A PROPÓSITO DE LA CIENAGA DE LUCRECIA MARTEL
(Sobre Tempo, Solidão e Cinema)


Texto apresentado por ocasião da projecção de La Cienaga (O Pântano) de Lucrecia Martel na Livraria Trama, em Lisboa, no dia 21 de Maio de 2010



1.

Começo por dizer que não vou aqui contextualizar o filme, isto é, falar do lugar cultural e político de onde provem; não me vou referir ao chamado cinema novo argentino, do qual aparentemente Lucrecia Martel faz parte, nem da decadência da classe média desse país, que supostamente é retratada neste Pântano, nem das tensões raciais que perpassam todo o filme.
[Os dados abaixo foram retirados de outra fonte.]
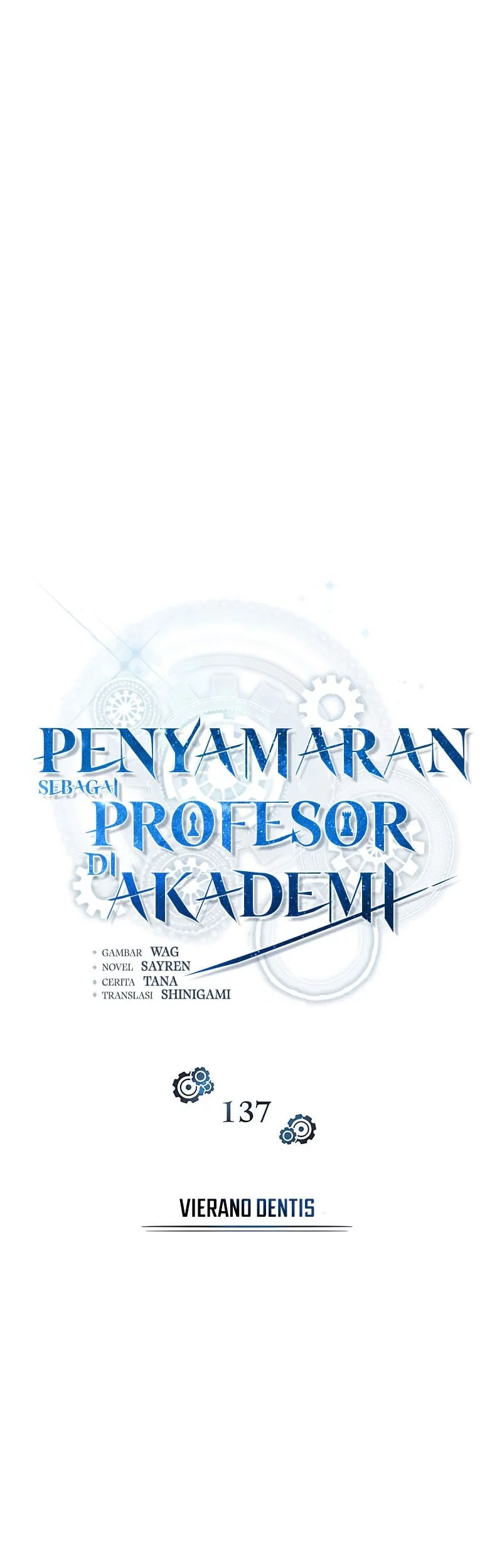 Academy’s Undercover Professor Chapter 137 - halaman 23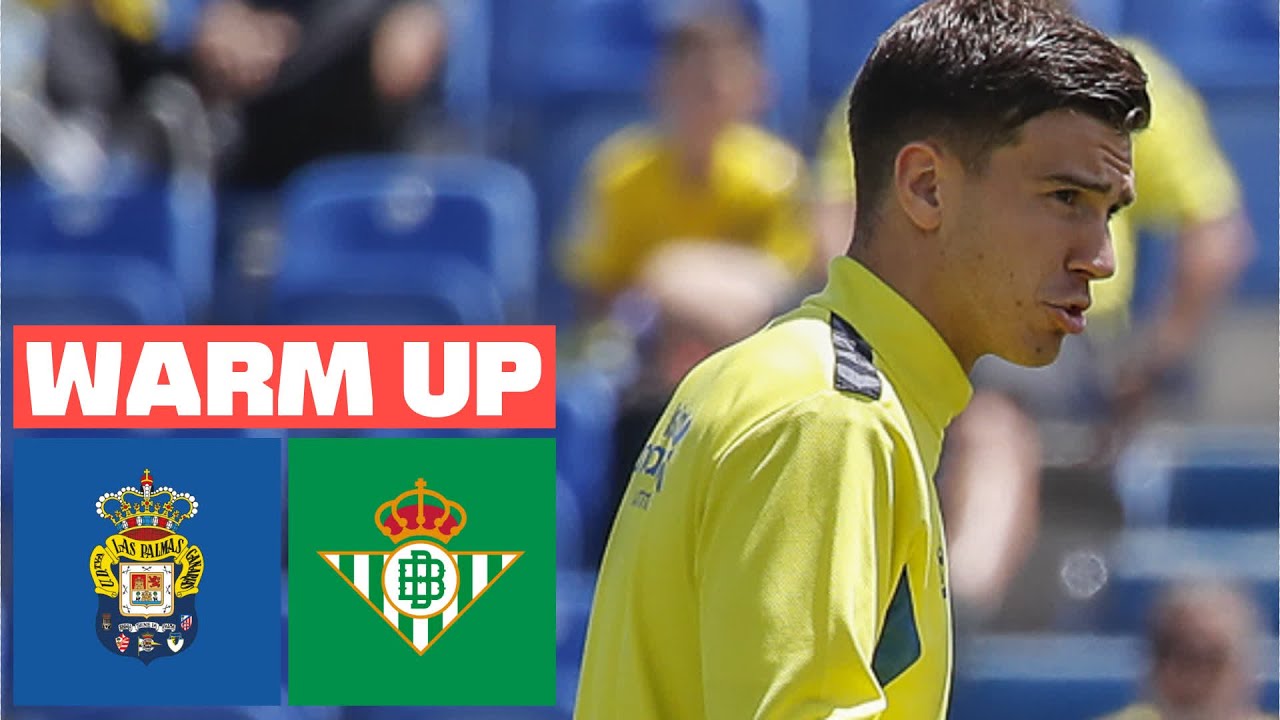 🔴 UD LAS PALMAS vs REAL BETIS - PREVIA DEL PARTIDO - YouTube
Também não me debruçarei sobre o assunto, sobre o tema do filme, seja ele qual for; na verdade, o movimento habitual pela procura do tema de um filme, como se fosse uma espécie de intriga policial em busca de um significado, foi sempre algo que me interessou pouco; por duas razões:

Se admitirmos que uma obra de arte ou um filme tem um tema, não haverá melhor pessoa para o desvendar do que o próprio autor – e a palavra do autor aprisiona sempre a experiência, cria um escantilhão para percepção: ora, a demanda pelo assunto de uma obra pode ser sempre infrutífera, enganadora, frustrante. Claro que se poderá dar o valor ao movimento de procura e não à sua conclusão, mas aí o ponto de partida será ele mesmo já enganador – perguntamos e perguntamos e vamos respondendo, sem no entanto fazermos sequer ideia se nos aproximamos ou não do fulcro; e a bem dizer, sem isso nos interessar verdadeiramente.

Enfim, e se se quiser, vejo a experiência artística como algo bem diferente de uma investigação policial, bem diferente de uma busca pela suposta verdade de uma obra, uma verdade que tem um autor, uma verdade autoritária.

A segunda razão que me faz obviar a busca por um tema, por essa verdade não explícita, é mais política e, parece-me, mais determinante. Quando, à frente de uma obra, nos perguntamos sobre o que isto quer dizer, ou o que quis o autor dizer com isto, estamos de facto a adoptar uma atitude de total subserviência em relação à obra, ao autor e à sua intenção.
Quando perguntamos o que quer isto dizer, o que quis o autor dizer com isto, esquecemo-nos de nós próprios, adoptamos um altruísmo que raras vezes é recompensado, que raras vezes se depara com algo que lhe mude a vida, ou um instante, que raras vezes enfim, se depara com um acontecimento.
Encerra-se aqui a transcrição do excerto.